MSNBC's Melissa Harri-sPerry: Is It All About the Ratings?
By Staff Reporter | Oct 17, 2012 03:08 PM EDT
Melissa Harris-Perry is the MSNBC host as well as an American author and political commentator and professor of political science at Tulane University. She was also the hot topic of this week’s “So What Do You Do?” column. Harris-Perr discussed how the show was created and whether ratings play a significant role.
“Having a show with your name on it makes you a brand. Who decides the direction of the show, and how do you balance the network’s desire for ratings with your own vision?
I have never once had someone from this network come to me and have a conversation about ratings, good or bad. No one. Maybe they’re talking to my executive producer, and that’s completely possible. But none of them have ever walked in here and said, “You know what? You cannot do that because of the ratings” or “Please do that more because of the ratings.” I will say that I have been completely clear, to the point of being fanatical, that my staff is not to share with me ratings information. I don’t ever want to know because, for me, the point of doing this show is not about the ratings. But I can tell when it’s not been a good weekend just by looking at the staff the next week.

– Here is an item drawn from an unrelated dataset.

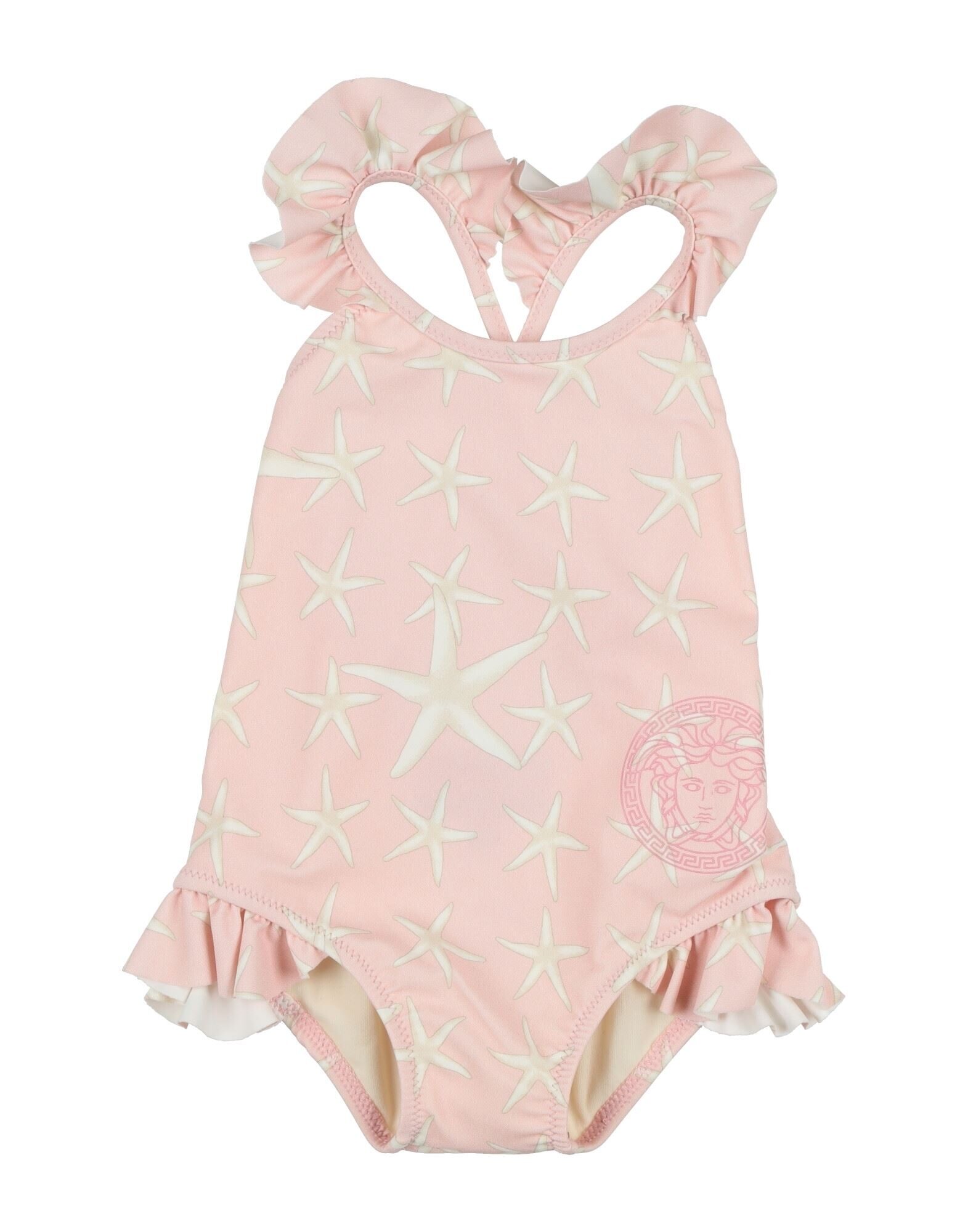 VERSACE YOUNG - One-piece swimsuits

It’s kind of like after President Obama had that bad showing in the debates, like you just know that nobody was walking around happy in [Obama campaign quarters] OFA 2012. So, I can kind of tell if I had a week that wasn’t great because people are kind of down but, if I had a week that’s great, people are in there bouncing around.” (mediabistro.cm)
Harris-Perry has been concerned with issues of race and gender and the intersection at which subjects converge. Harris-Perry has always been acquainted with sophistication and eloquence in expressing heated, controversial topics and maintaining her poise. She is a woman who speaks her mind with honesty and grace. For example, when she appeared on Democracy Now! She articulated herself with refinement:
What's she's trying to do there is to make a claim towards bringing in Black women into a coalition around questions of gender, and asking us to ignore the ways that race and gender intersect...I think that ignores an entire history of White women that have in fact been in the White House. They've been there as an attachment to White male patriarchal power. It's the same way that Hillary Clinton is now making a claim towards experience. It's not her experience. It's her experience married to, connected to, climbing up on male patriarchy. These are exactly the ways in which this system actually silences questions of gender that are more complicated than simply putting White women in positions of power, and then claiming that women's issues are cared for.
Harris-Perry has brought focus on intersectionality, the pressing need for multi-vocality and law, politics and society as well as the necessity of problematizing categories and essentialist knowledge.